Surplus neraca perdagangan tersebut lebih rendah dibandingkan Mei 2024 yang mencapai US$ 2,92 miliar. Meski demikian, surplus perdagangan terus berlanjut terutama dari perdagangan sektor nonmigas.
BPS mencatat, surplus neraca perdagangan nonmigas mencapai US$ 4,43 miliar pada Juni 2024. Nilai ini meningkat dibandingkan dengan capaian bulan sebelumnya sebesar US$ 4,25 miliar.
Erwin menilai, perkembangan tersebut sejalan dengan kuatnya ekspor nonmigas yang mencapai US$ 19,61 miliar, terutama didukung oleh ekspor komoditas berbasis sumber daya alam, seperti lemak dan minyak hewani atau nabati, maupun ekspor produk manufaktur seperti mesin, dan peralatan mekanis serta bagiannya.

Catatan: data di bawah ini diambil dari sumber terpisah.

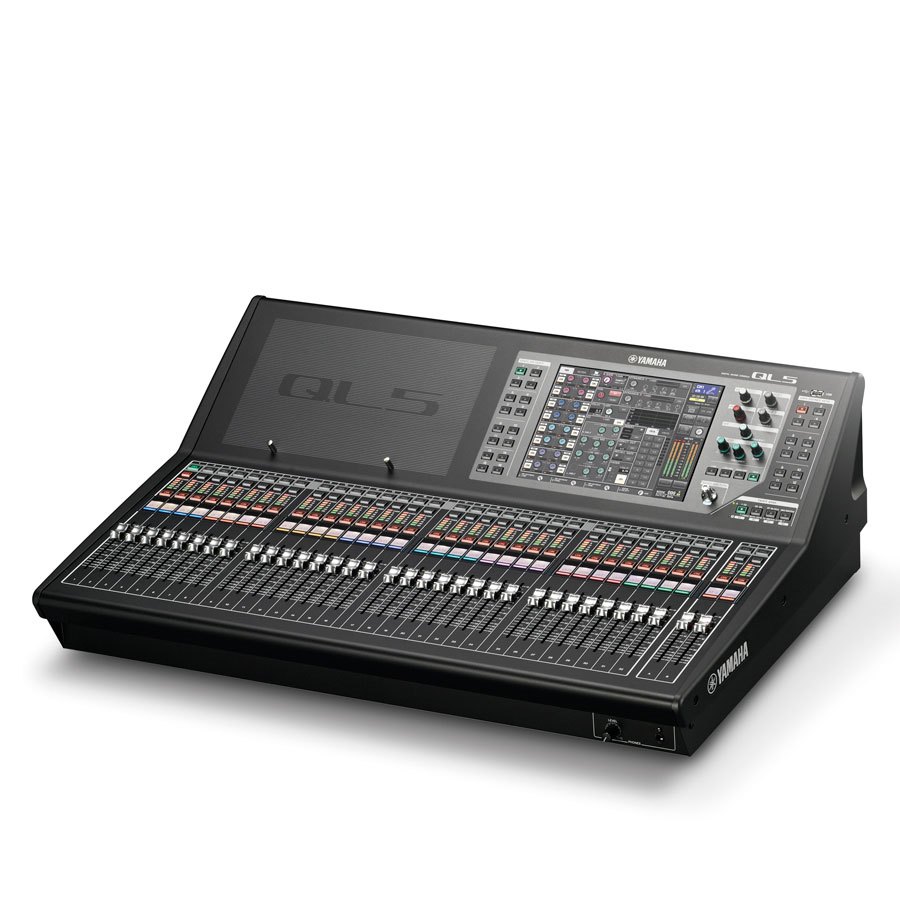 YAMAHA QL5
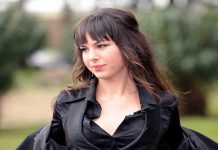 Alice Cesaroni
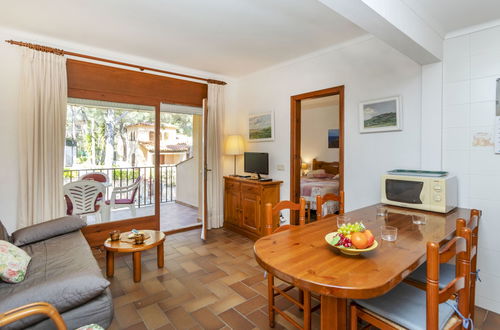 Photo 4 - Appartement de 1 chambre à Pals avec jardin et terrasse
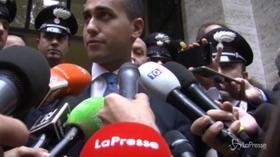 Dl fisco, Salvini a Di Maio: “Risolviamo insieme i problemi”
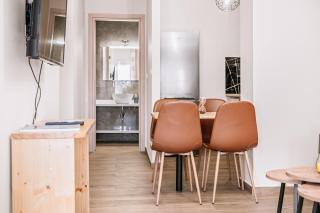 CityView 2 fully equipped apt by Hospi - Heraklio - 3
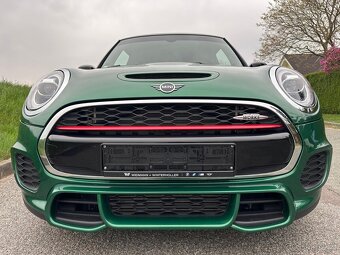 Mini Cooper JCW 2.0 170kW, 2020, 69t km, manuál - 9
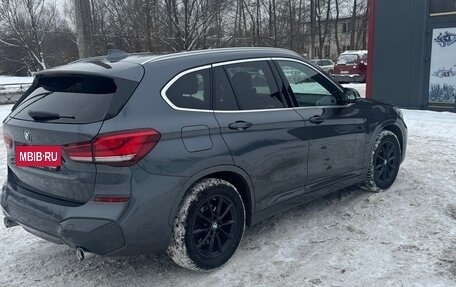 BMW X1, 2019 год, 3 150 000 рублей, 6 фотография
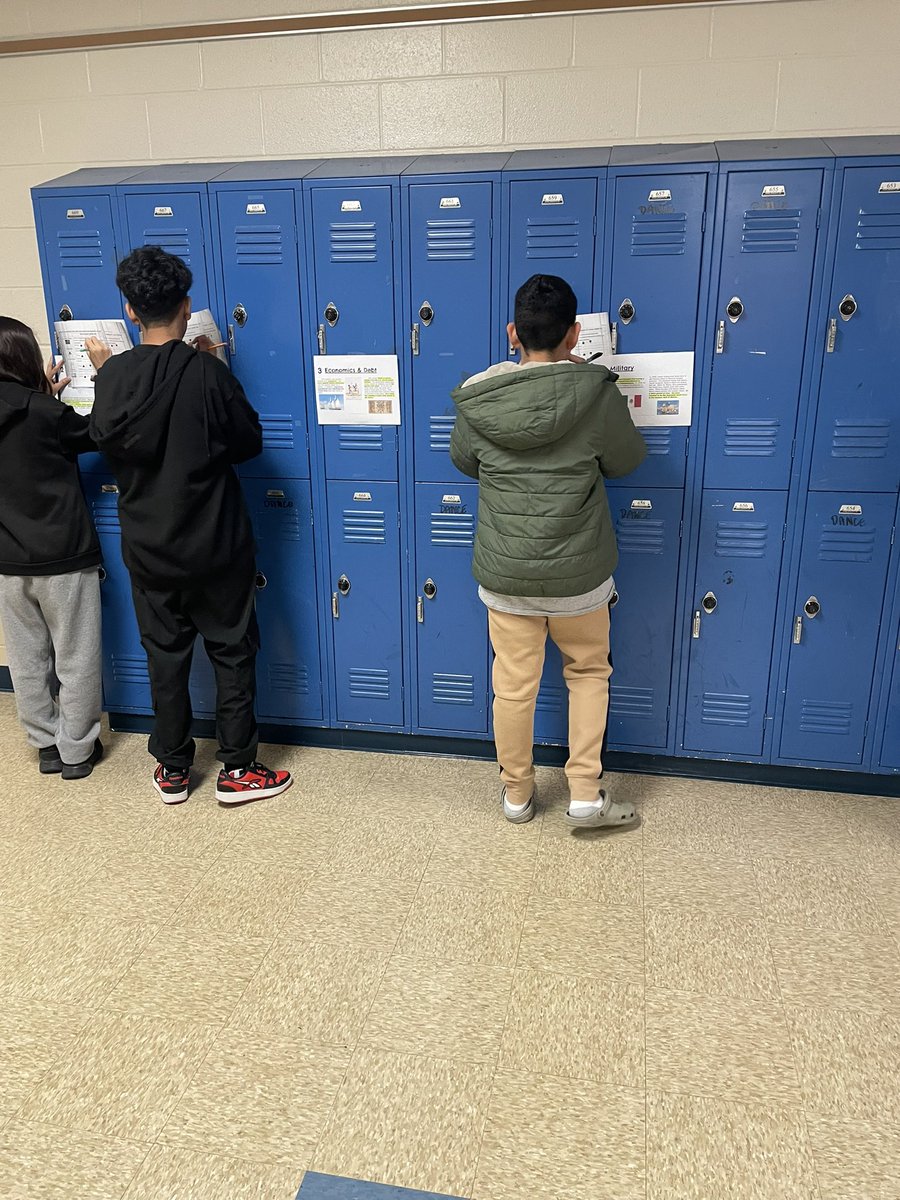 TheTejanaTeachr's tweet image. Wrapping up the 1st week of learning in 2025!
7th completed a 2 day station rotation on Sam Houston v Mirabeau Lamar!
8th got introduced to a new @eduprotocols Face Off!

Tiga negara yang berkontribusi terhadap ekspor nonmigas Indonesia yaitu Cina, Amerika Serikat, dan India. Di sisi lain, terjadi defisit neraca perdagangan migas mencapai US$ 2,04 miliar pada Juni 2024, sejalan dengan peningkatan impor migas di tengah penurunan ekspor migas.
Surplus 50 Bulan Berturut-turut
Tak hanya secara bulanan, surplus neraca perdagangan bahkan turun 30,72% secara tahunan (yoy). Pada Juni 2023, Indonesia masih bisa mengantongi surplus neraca perdagangan hingga US$ 3,45 miliar.
Walau begitu, Plt Kepala BPS Amalia Adininggar Widyasanti menyebut realisasi itu menunjukkan surplus selama 50 bulan berturut-turut atau sejak Mei 2020. "Surplus tersebut ditopang oleh komoditas nonmigas yaitu sebesar US$ 4,403 miliar," kata Amalia dalam konferensi pers BPS di Jakarta, Senin (15/7).
Surplus neraca perdagangan terjadi karena nilai ekspor lebih besar daripada impor. Nilai ekspor Indonesia pada Juni 2024 mencapai US$ 20,84 miliar atau turun 6,65% jika dibandingkan Mei 2024.
Sementara itu, nilai impor Indonesia Juni 2024 mencapai US$ 18,45 miliar. Angka tersebut turun 4,89% jika dibandingkan Mei 2024, namun naik 7,58% jika dibandingkan Juni 2023.